After the optimization of the reaction conditions, we extended the catalytic activity of ZrO-SB-APT@MCM-41 (Table 3) and Cu-SB-APT@MCM-41 (Table 4) for other nitrile derivatives including aromatic and aliphatic nitriles. Also, various benzonitrile derivatives bearing electron-donor and electron-withdrawing functional groups were investigated and all products were obtained in good yields and high TOF values. Dicyano substituted of aliphatic and aromatic nitriles such as malononitrile (Tables 3 and 4, entry 11), phthalonitrile (Tables 3 and 4, entry 7) and terephthalonitrile (Tables 3 and 4, entry 6) were also investigated which all of them afforded the monoaddition products. Therefore, these methodologies are effective for the synthesis of a wide range of tetrazol derivatives.
The chemo and homoselective oxidation of sulfides to sulfoxides were studied in the presence of ZrO-SB-APT@MCM-41 and Cu-SB-APT@MCM-41 (Scheme 4).

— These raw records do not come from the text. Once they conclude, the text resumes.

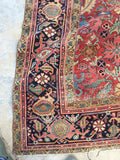 8'8 x 12'3 antique Persian Heriz / Large vintage rug / 9x12 vintage Persian rug ( #1134) - Blue Parakeet Rugs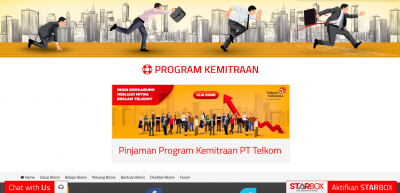 Bagaimana cara mendapatkan pinjaman modal usaha dari Telkom?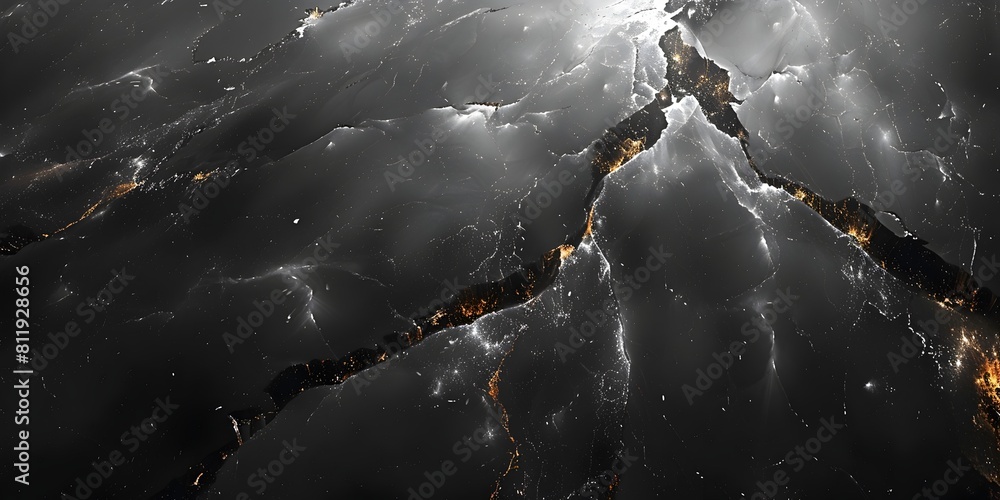 Poster captivating marble texture:a dramatic and elegant dark background for premium branding and design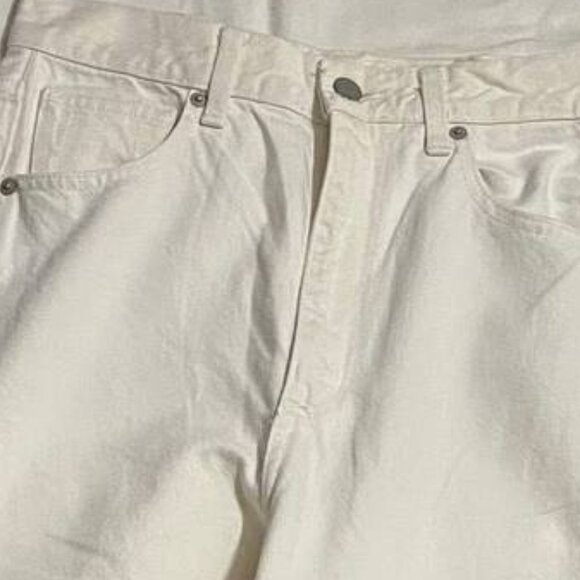 White High Rise Denim Pants - Picture 2 of 4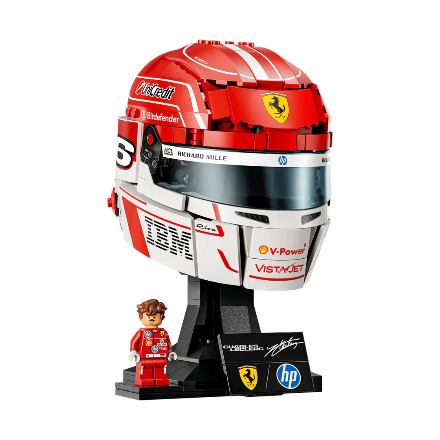 #16 Leclerc Scuderia Ferrari LEGO Helmet
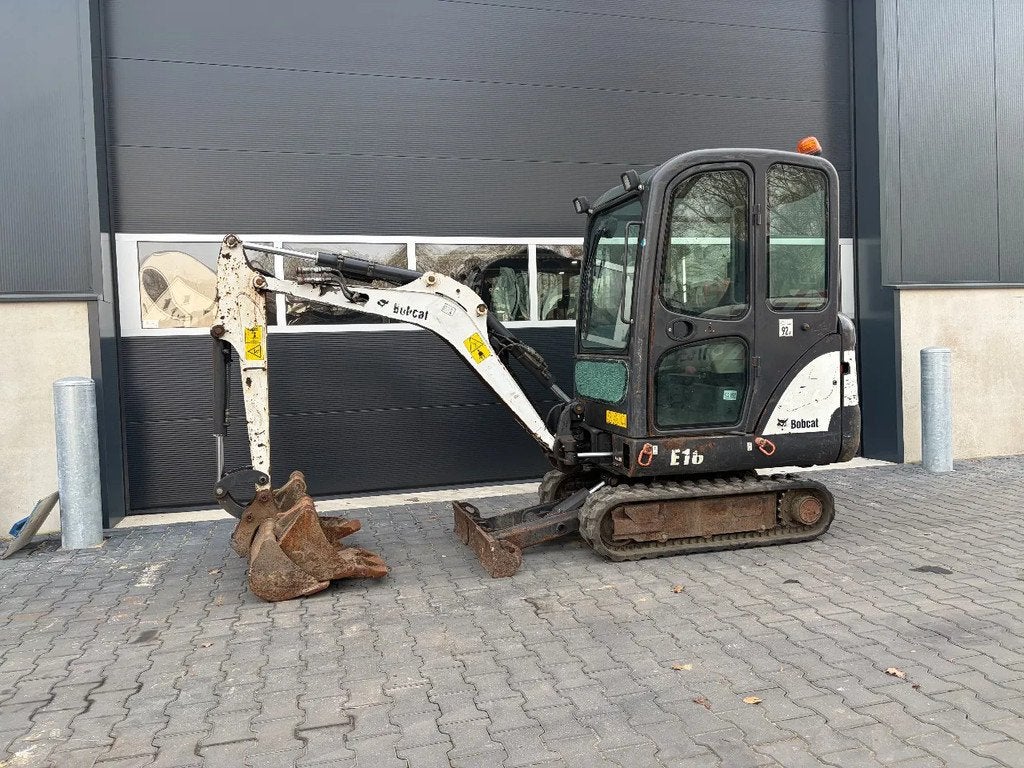 Bobcat E16 minigraver/graafmachine, Excavatrice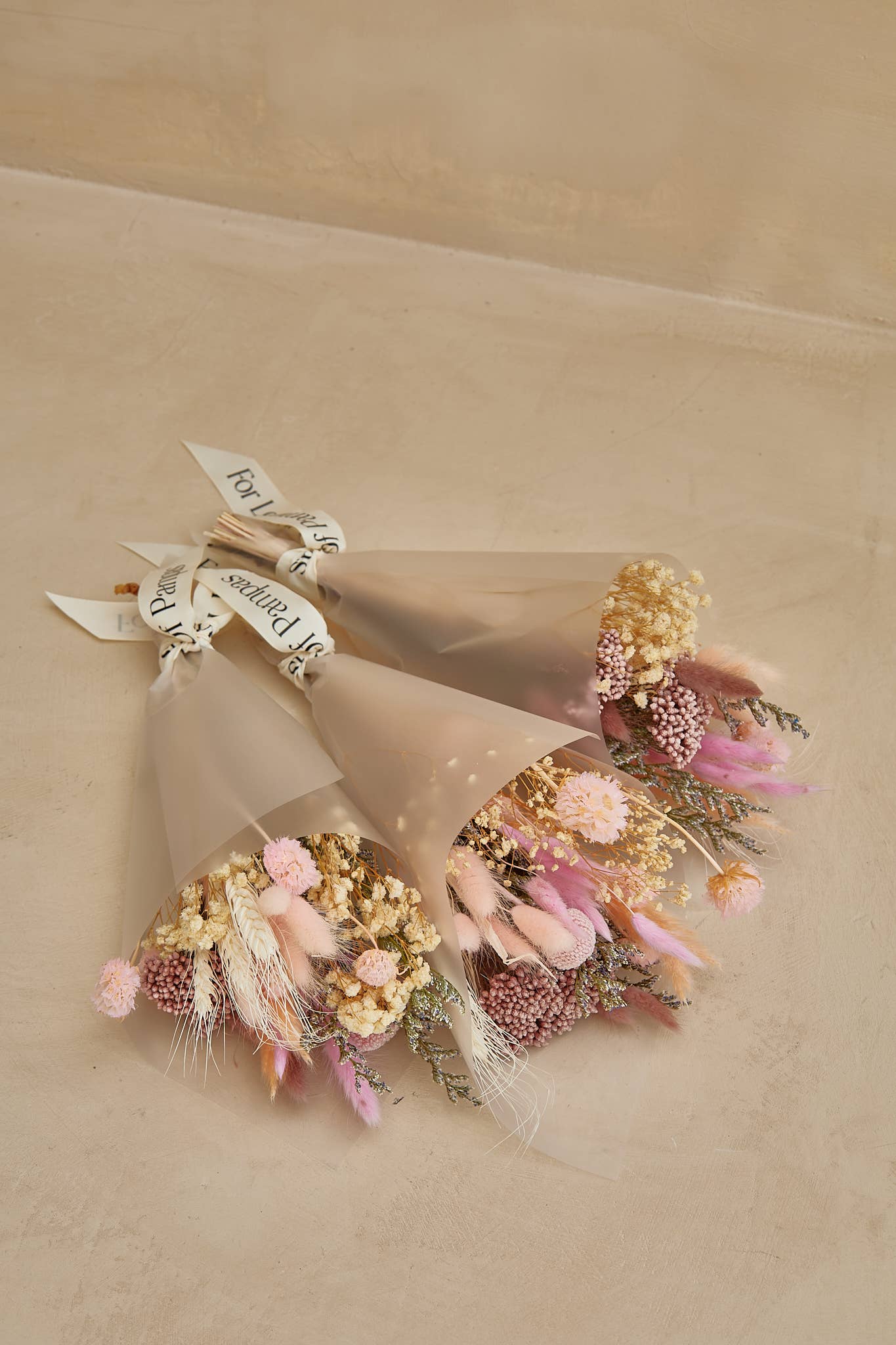 Small Dried Flower Bouquets - Pink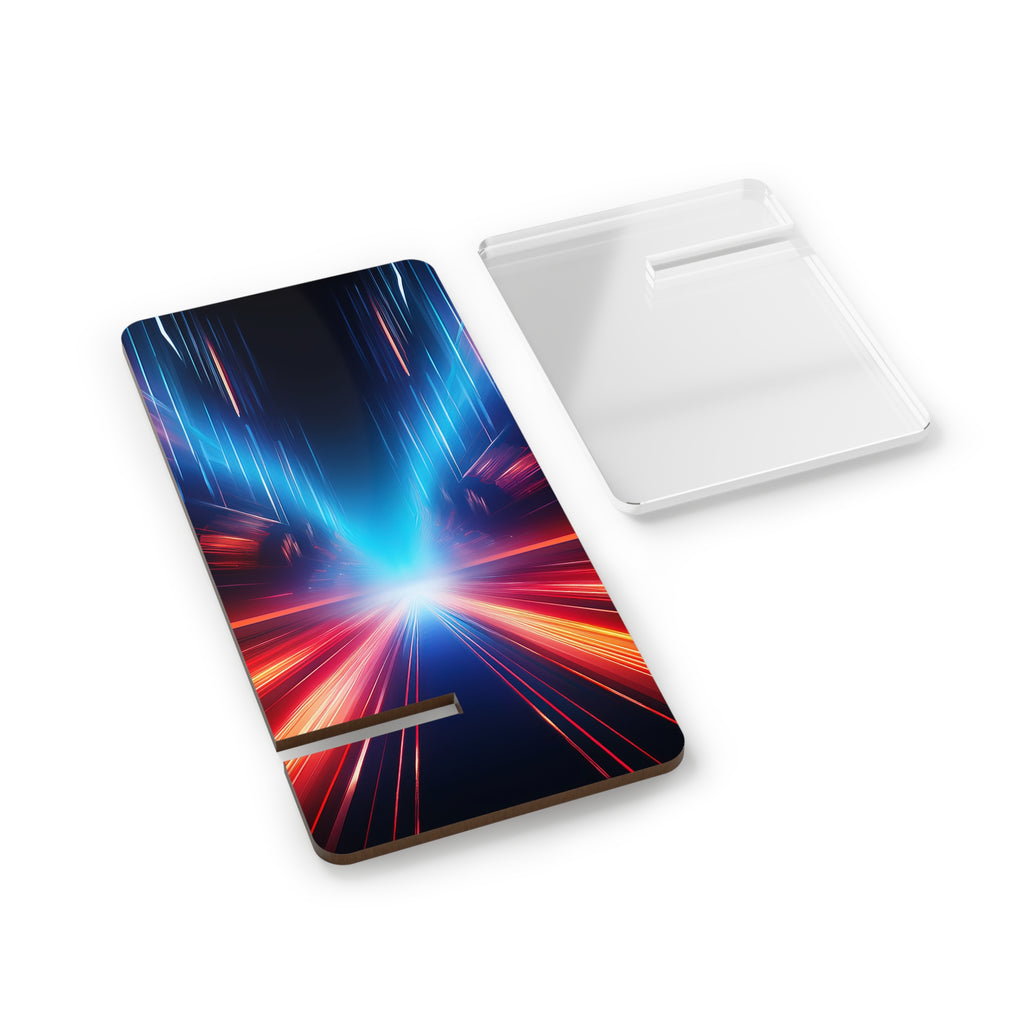 Phone Stand — Neon Speed Burst Mobile Display Stand for Smartphones
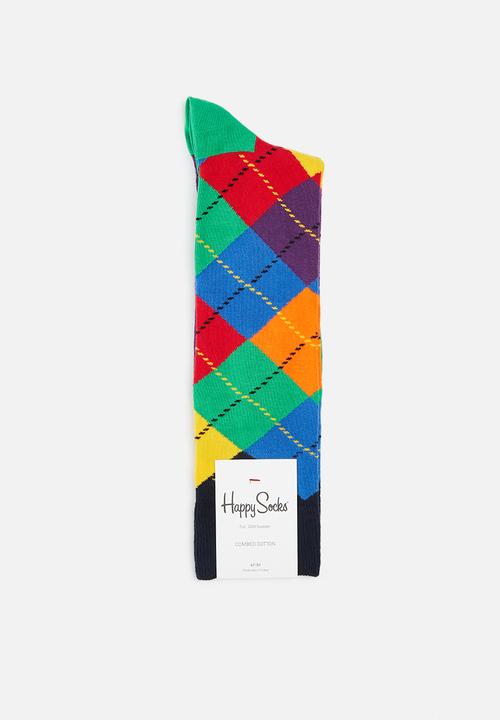 Happy Socks - Argyle king size sock - multi 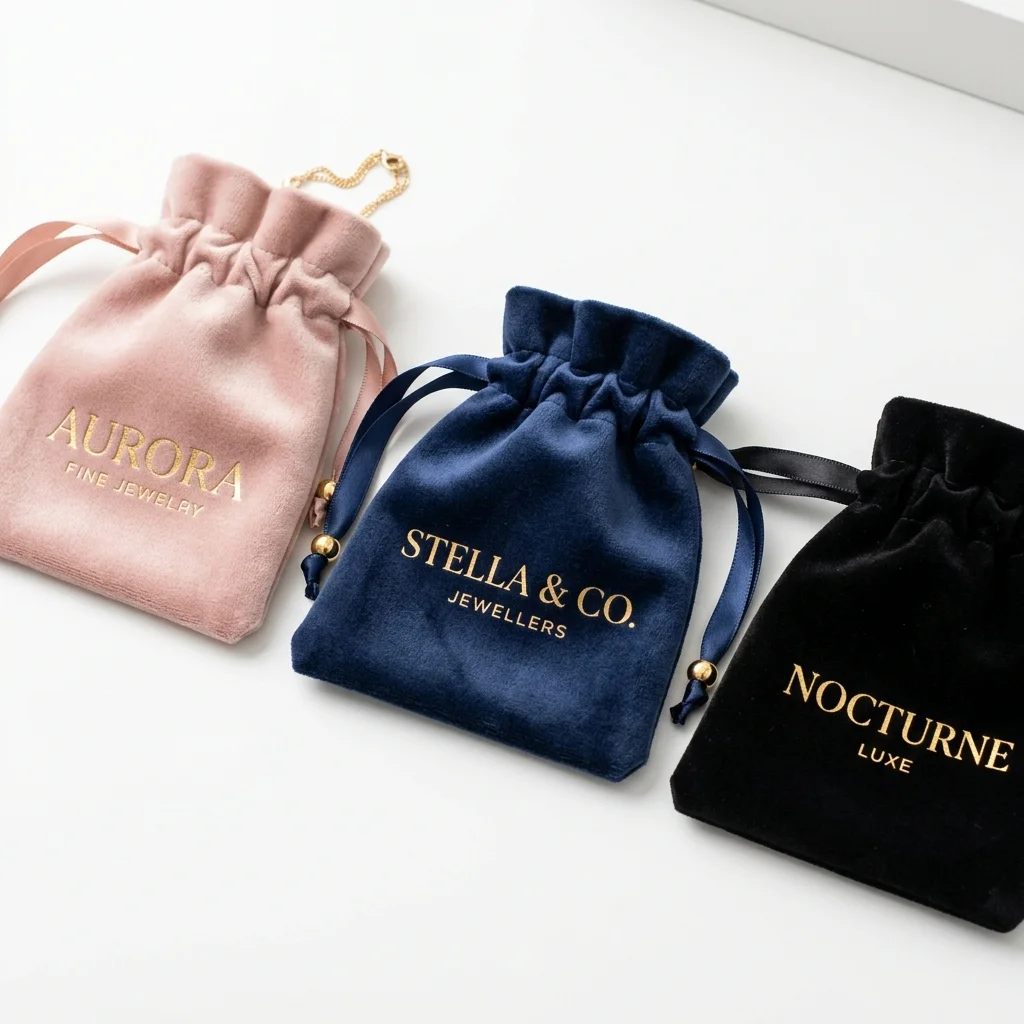 Velvet Jewelry Pouch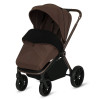 Lionelo Mika Plus 3в1 - детская коляска 3 в 1 с автокреслом, универсальная коляска с большими колесами • Mocha Mousse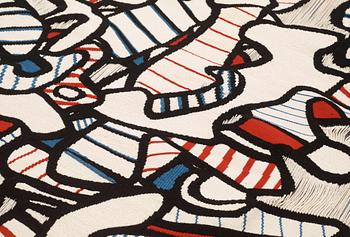 TAPESTRY. "Arborescence". Tapestry weave and "transparent weave". 162 x 117,5 cm. Designed by Jean Dubuffet,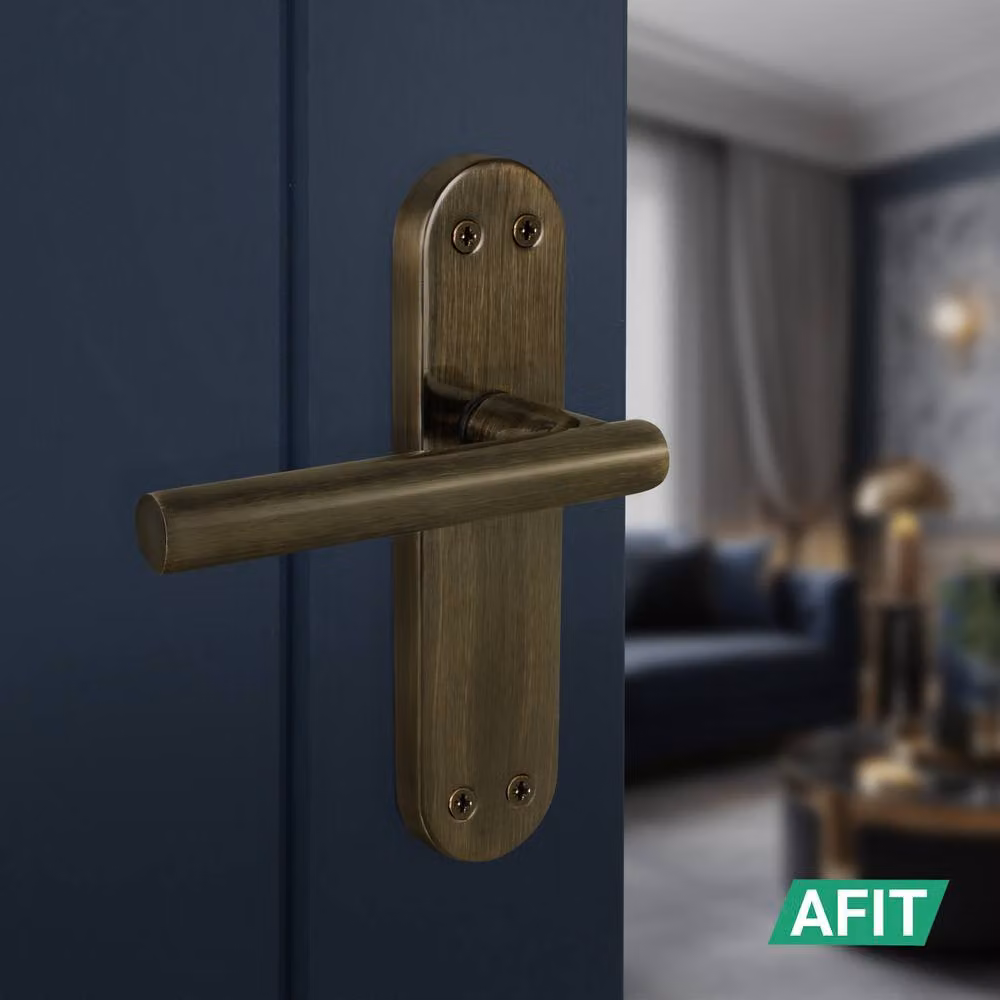 AFIT T-Bar Antique Brass Latch Backplate Handles and Hinges in Bronze, 6 Pairs, 150 x 150 mm – 5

Oxidation of sulfides in the presence of ZrO-SB-APT@MCM-41 or Cu-SB-APT@MCM-41
In order to obtain the reaction conditions, the oxidation of 2-phenylthioethanol was selected as a model substrate. The effect of different parameters such as the amount of catalysts and the nature of the solvent was examined in the model reaction (Table 5). Among the various conditions, 0.020 g of ZrO-SB-APT@MCM-41 under solvent-free conditions (Table 5, entry 3) or 0.0025 g of Cu-SB-APT@MCM-41 in ethyl acetate (Table 5, entry 1) appeared to be the best conditions for oxidation of 2-Phenylthioethanol to 2-(phenylsulfinyl)ethanol. Higher amount of catalysts did not change the amount of product and reaction time (Table 5, entries 3, 10 and 11).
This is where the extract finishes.